┌──

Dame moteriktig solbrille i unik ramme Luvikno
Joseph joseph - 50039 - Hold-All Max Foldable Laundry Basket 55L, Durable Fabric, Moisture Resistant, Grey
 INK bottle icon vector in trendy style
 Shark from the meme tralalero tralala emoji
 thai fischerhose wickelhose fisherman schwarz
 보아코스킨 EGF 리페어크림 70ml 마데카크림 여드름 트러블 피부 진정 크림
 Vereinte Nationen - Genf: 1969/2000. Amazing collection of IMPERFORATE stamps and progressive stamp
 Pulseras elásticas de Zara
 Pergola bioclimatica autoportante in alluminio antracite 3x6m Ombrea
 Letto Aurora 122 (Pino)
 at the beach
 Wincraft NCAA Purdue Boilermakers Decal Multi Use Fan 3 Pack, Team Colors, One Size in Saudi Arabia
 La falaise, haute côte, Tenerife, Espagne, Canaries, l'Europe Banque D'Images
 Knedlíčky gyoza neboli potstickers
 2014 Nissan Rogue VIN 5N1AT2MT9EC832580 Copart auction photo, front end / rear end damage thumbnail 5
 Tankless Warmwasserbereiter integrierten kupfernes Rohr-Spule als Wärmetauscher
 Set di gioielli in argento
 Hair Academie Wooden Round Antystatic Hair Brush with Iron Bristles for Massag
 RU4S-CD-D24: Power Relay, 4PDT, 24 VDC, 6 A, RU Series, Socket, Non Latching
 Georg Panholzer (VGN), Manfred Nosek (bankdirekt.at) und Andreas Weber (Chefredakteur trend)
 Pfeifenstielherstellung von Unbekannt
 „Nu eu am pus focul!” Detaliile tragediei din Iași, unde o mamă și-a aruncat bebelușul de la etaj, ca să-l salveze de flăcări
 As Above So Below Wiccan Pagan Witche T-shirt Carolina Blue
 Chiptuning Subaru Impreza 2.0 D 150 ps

└──

**TASK DESCRIPTION:**
Every record shown above must be echoed exactly.

**EXPECTED ANSWER:**
Dame moteriktig solbrille i unik ramme Luvikno
Joseph joseph - 50039 - Hold-All Max Foldable Laundry Basket 55L, Durable Fabric, Moisture Resistant, Grey
 INK bottle icon vector in trendy style
 Shark from the meme tralalero tralala emoji
 thai fischerhose wickelhose fisherman schwarz
 보아코스킨 EGF 리페어크림 70ml 마데카크림 여드름 트러블 피부 진정 크림
 Vereinte Nationen - Genf: 1969/2000. Amazing collection of IMPERFORATE stamps and progressive stamp
 Pulseras elásticas de Zara
 Pergola bioclimatica autoportante in alluminio antracite 3x6m Ombrea
 Letto Aurora 122 (Pino)
 at the beach
 Wincraft NCAA Purdue Boilermakers Decal Multi Use Fan 3 Pack, Team Colors, One Size in Saudi Arabia
 La falaise, haute côte, Tenerife, Espagne, Canaries, l'Europe Banque D'Images
 Knedlíčky gyoza neboli potstickers
 2014 Nissan Rogue VIN 5N1AT2MT9EC832580 Copart auction photo, front end / rear end damage thumbnail 5
 Tankless Warmwasserbereiter integrierten kupfernes Rohr-Spule als Wärmetauscher
 Set di gioielli in argento
 Hair Academie Wooden Round Antystatic Hair Brush with Iron Bristles for Massag
 RU4S-CD-D24: Power Relay, 4PDT, 24 VDC, 6 A, RU Series, Socket, Non Latching
 Georg Panholzer (VGN), Manfred Nosek (bankdirekt.at) und Andreas Weber (Chefredakteur trend)
 Pfeifenstielherstellung von Unbekannt
 „Nu eu am pus focul!” Detaliile tragediei din Iași, unde o mamă și-a aruncat bebelușul de la etaj, ca să-l salveze de flăcări
 As Above So Below Wiccan Pagan Witche T-shirt Carolina Blue
 Chiptuning Subaru Impreza 2.0 D 150 ps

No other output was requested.